Given the editorial-page keening and potential land-sale profits, there’s ample reason to question the Star Tribune’s coverage of the Vikings stadium issue. But one of the better arguments against the newsroom putting a pro-stadium thumb on the scale is assigning Mike Kaszuba on the beat.
Kaszuba, a 32-year reporting vet, is a bulldog not given to taking orders; his only bias seems to be getting on the front page. But once the 2012 legislative session ends, Kaszuba will move from the state Capitol to the sports department, where he’ll “examine off-the-field issues that pertain to the Twin Cities sports marketplace,” according to a staff memo.

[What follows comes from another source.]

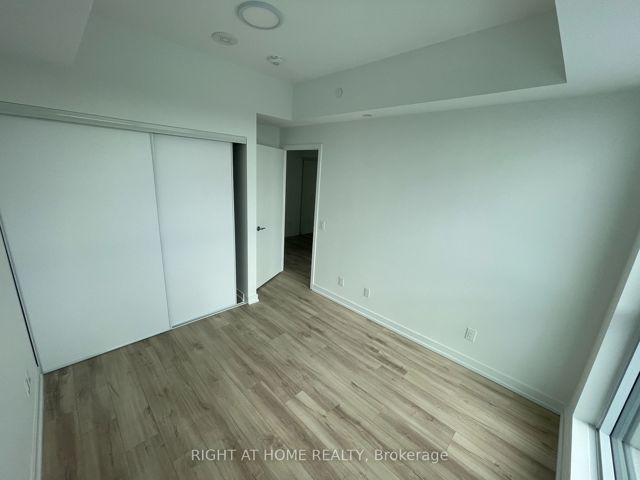 612 - 181 Sheppard Ave E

Kaszuba declined comment, but I’m told the new beat was his idea, and has a bit to do with bad blood toward political editor Pat Lopez. From what I can discern from sources I trust, it was personality conflict, not stadium politics. In his new role, Kaszuba will report to assistant sports editor Dennis Brackin.
Brackin’s boss, Glen Crevier, says in the memo that Kaszuba will be “paying little attention to the wins and losses and more to the influences outside the lines, such as the corporate impact of sports at the college and professional levels, the role and impact of boosters at all levels and stories that, in general, will follow the money.”
It’s obvious as newspapers become more digitally reliant, sports is a huge traffic driver, yet at the same time readers can get their game stories a million other places. Thus, unique “enterprise” stories like the kind Kaszuba presumably pursues become more important.
T o a certain extent, Kaszuba’s beat resembles ex-Stribber (and ex-MinnPoster) Jay Weiner’s, though Kaszuba won’t have Weiner’s Olympics gig.
Of course, there’s a great big non-sports world out there, and the Strib will not replace Kaszuba’s position at the Capitol bureau. This session, the organization actually staffed up one when it added Jennifer Brooks from the Nashville Tennessean. She, Rachel Stassen-Berger, Baird Helgeson and Jim Ragsdale remain in the bureau, with the Strib rotating other reporters in as they do each year. Non-Capitol reporters like Kevin Duchschere will continue to cover stadium wars, assuming (safely, it seems at the moment) they last past this session.